**EXERCISE GOAL**
Extract precisely the lines of the entries below, from the first line through the line containing "Home citizen silhouette".

**WORKING DATA**
● ● ● ● ● ● ●
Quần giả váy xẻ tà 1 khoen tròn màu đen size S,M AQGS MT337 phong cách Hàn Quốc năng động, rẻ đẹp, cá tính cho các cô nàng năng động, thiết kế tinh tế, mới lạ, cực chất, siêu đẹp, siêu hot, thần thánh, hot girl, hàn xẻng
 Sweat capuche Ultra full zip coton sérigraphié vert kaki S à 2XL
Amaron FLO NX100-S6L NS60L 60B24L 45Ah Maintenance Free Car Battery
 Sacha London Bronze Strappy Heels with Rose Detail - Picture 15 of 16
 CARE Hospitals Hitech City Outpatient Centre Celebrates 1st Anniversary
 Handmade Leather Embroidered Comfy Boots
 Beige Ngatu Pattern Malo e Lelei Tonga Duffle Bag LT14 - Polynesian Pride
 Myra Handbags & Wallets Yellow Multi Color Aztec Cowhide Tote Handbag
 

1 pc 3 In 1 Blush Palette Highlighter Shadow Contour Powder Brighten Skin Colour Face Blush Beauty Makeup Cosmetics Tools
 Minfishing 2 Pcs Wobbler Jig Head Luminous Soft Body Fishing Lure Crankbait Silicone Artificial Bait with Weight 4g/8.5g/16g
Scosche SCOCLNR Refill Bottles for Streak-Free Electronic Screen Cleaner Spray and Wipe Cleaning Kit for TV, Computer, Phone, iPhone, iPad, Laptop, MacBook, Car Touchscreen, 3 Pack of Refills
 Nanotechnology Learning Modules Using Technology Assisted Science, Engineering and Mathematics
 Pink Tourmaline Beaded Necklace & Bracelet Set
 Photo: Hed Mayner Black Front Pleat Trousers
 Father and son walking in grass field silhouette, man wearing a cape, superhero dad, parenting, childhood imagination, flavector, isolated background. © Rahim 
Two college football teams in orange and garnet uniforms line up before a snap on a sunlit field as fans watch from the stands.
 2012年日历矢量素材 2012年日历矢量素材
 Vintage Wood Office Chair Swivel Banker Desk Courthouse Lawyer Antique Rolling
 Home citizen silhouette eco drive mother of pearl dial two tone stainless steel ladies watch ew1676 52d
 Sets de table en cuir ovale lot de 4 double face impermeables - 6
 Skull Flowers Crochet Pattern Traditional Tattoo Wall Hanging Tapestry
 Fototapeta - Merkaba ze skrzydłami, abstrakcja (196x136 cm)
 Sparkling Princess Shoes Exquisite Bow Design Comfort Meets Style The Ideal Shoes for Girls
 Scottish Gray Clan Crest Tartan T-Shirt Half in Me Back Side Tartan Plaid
● ● ● ● ● ● ●
**EXERCISE RESPONSE**
Quần giả váy xẻ tà 1 khoen tròn màu đen size S,M AQGS MT337 phong cách Hàn Quốc năng động, rẻ đẹp, cá tính cho các cô nàng năng động, thiết kế tinh tế, mới lạ, cực chất, siêu đẹp, siêu hot, thần thánh, hot girl, hàn xẻng
 Sweat capuche Ultra full zip coton sérigraphié vert kaki S à 2XL
Amaron FLO NX100-S6L NS60L 60B24L 45Ah Maintenance Free Car Battery
 Sacha London Bronze Strappy Heels with Rose Detail - Picture 15 of 16
 CARE Hospitals Hitech City Outpatient Centre Celebrates 1st Anniversary
 Handmade Leather Embroidered Comfy Boots
 Beige Ngatu Pattern Malo e Lelei Tonga Duffle Bag LT14 - Polynesian Pride
 Myra Handbags & Wallets Yellow Multi Color Aztec Cowhide Tote Handbag
 

1 pc 3 In 1 Blush Palette Highlighter Shadow Contour Powder Brighten Skin Colour Face Blush Beauty Makeup Cosmetics Tools
 Minfishing 2 Pcs Wobbler Jig Head Luminous Soft Body Fishing Lure Crankbait Silicone Artificial Bait with Weight 4g/8.5g/16g
Scosche SCOCLNR Refill Bottles for Streak-Free Electronic Screen Cleaner Spray and Wipe Cleaning Kit for TV, Computer, Phone, iPhone, iPad, Laptop, MacBook, Car Touchscreen, 3 Pack of Refills
 Nanotechnology Learning Modules Using Technology Assisted Science, Engineering and Mathematics
 Pink Tourmaline Beaded Necklace & Bracelet Set
 Photo: Hed Mayner Black Front Pleat Trousers
 Father and son walking in grass field silhouette, man wearing a cape, superhero dad, parenting, childhood imagination, flavector, isolated background. © Rahim 
Two college football teams in orange and garnet uniforms line up before a snap on a sunlit field as fans watch from the stands.
 2012年日历矢量素材 2012年日历矢量素材
 Vintage Wood Office Chair Swivel Banker Desk Courthouse Lawyer Antique Rolling
 Home citizen silhouette eco drive mother of pearl dial two tone stainless steel ladies watch ew1676 52d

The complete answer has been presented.